Pour répondre à ce besoin, l’IRSN peut mobiliser le LATAC, son laboratoire de traitement et analyse d’échantillons environnementaux en situation post-accidentelle. Dans cette plateforme de haute technologie qui est habituellement employée pour assurer la surveillance permanente de la radioactivité sur l’ensemble du territoire français, l'IRSN a développé des méthodes simplifiées permettant d’évaluer rapidement les niveaux de radioactivité des échantillons environnementaux. Le contexte propre à une situation de crise nécessite en effet de repenser le mode de fonctionnement du laboratoire afin de restituer aux pouvoirs publics dans des délais très courts de nombreux résultats d’analyses tout en maintenant un niveau de performance adapté.
Du terrain au laboratoire
Lors d’un accident nucléaire, l’IRSN projette sur le terrain une cellule mobile qui s’intègre dans le dispositif de l’Etat, en interface notamment avec la sécurité civile. Les laboratoires fixes restent néanmoins nécessaires pour des analyses complémentaires plus poussées, couvrir des zones plus larges et maintenir la surveillance radiologique du territoire national.
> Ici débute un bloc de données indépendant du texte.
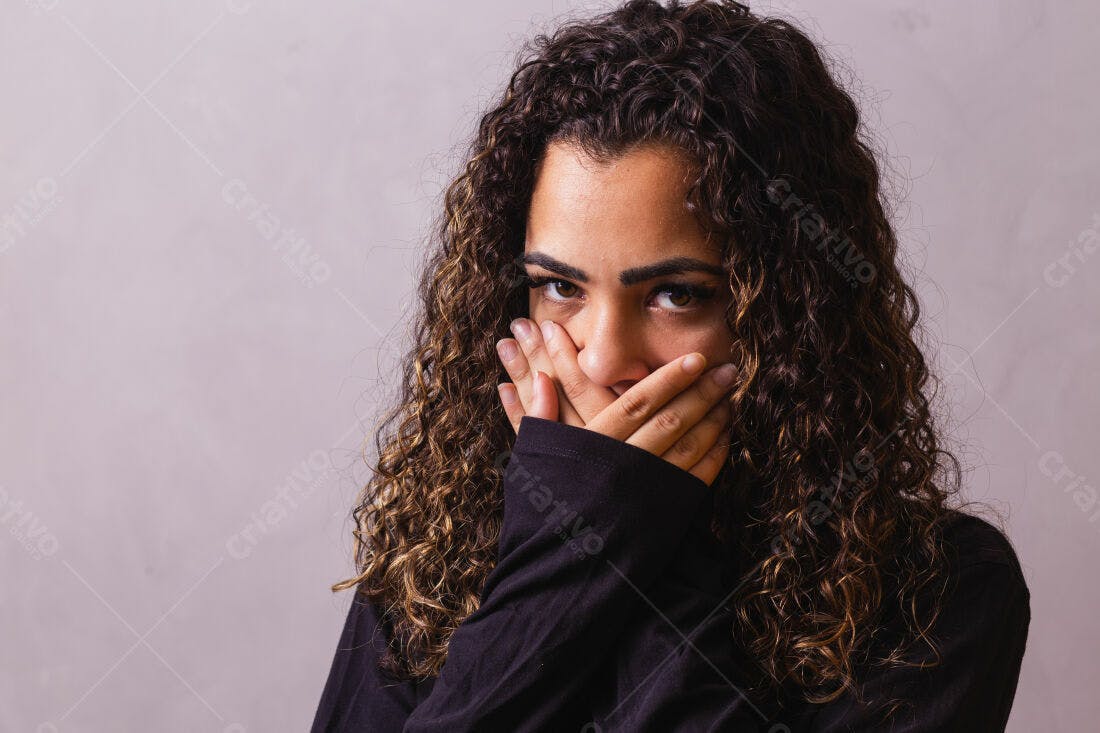Mulher com cabelo cacheado cobrindo a boca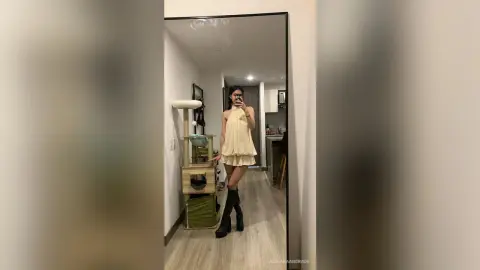 Young woman in a cream halter dress and black boots posing in a modern minimalist apartment mirror.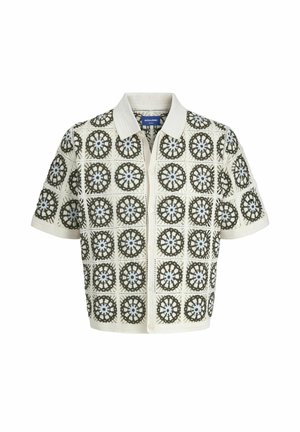 Cardigan in maglia a maniche corte con una base crema e motivi floreali geometrici in verde e azzurro chiaro, rifinito con un colletto.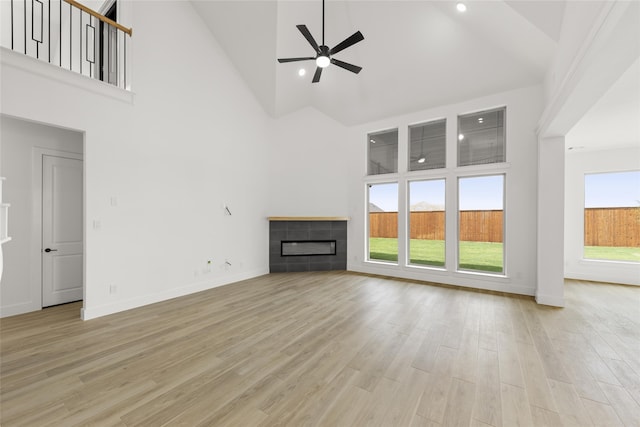 unfurnished living room with a wealth of natural light, high vaulted ceiling, ceiling fan, and a tile fireplace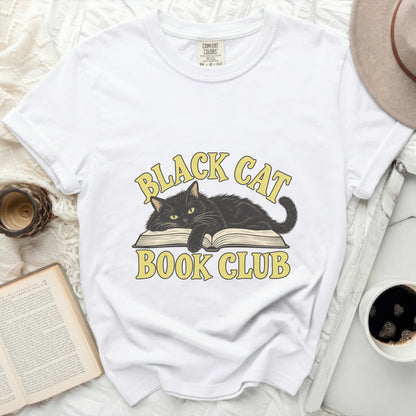 White t-shirt with black cat on open book graphic, reading "Black Cat Book Club".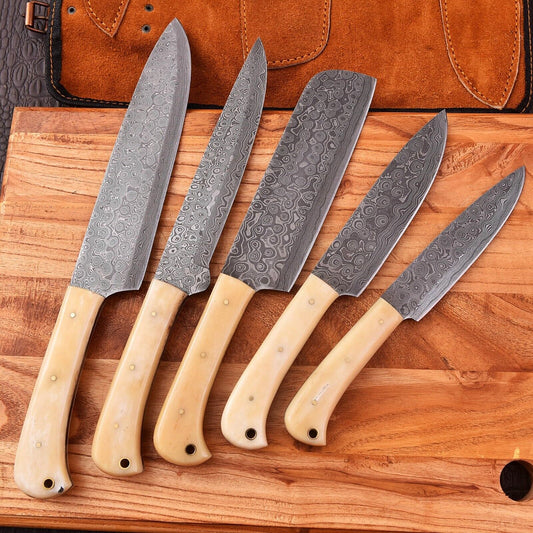 Custom handmade Damascus knife set with camel bone handles and hand-forged blades ranging from 9 to 13 inches, displayed with a sharp, durable finish.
Une stratégie de routage et d’analyse des échantillons est ainsi élaborée en concertation entre le Centre technique de crise de l’IRSN, la cellule mobile et les laboratoires en tenant compte des besoins des pouvoirs publics au niveau local et national.
A leur arrivée au LATAC, les prélèvements environnementaux sont contrôlés radiologiquement et vérifiés du point de vue de leur intégrité. Un frottis est également réalisé et analysé pour s’assurer de l’absence de contamination de l’emballage de transport. Chaque échantillon se voit attribuer un identifiant unique pour assurer sa traçabilité.
Analyser les échantillons
Les échantillons prélevés sur le terrain proviennent des différents compartiments de l’environnement dans lesquels une contamination est susceptible d’être observée :
- atmosphérique (filtre aérosols, etc.) ;
- terrestre (sols, végétaux ou denrées alimentaires) ;
- aquatique continental et marin (eaux, sédiments, faune et flore).
En fonction des analyses prévues, les échantillons peuvent être orientés directement en mesure (spectrométrie gamma par exemple) ou faire l’objet d’un traitement (filtration pour les eaux, broyage, séchage voire calcination pour les solides) pour permettre une radiochimie ou une mesure plus performante.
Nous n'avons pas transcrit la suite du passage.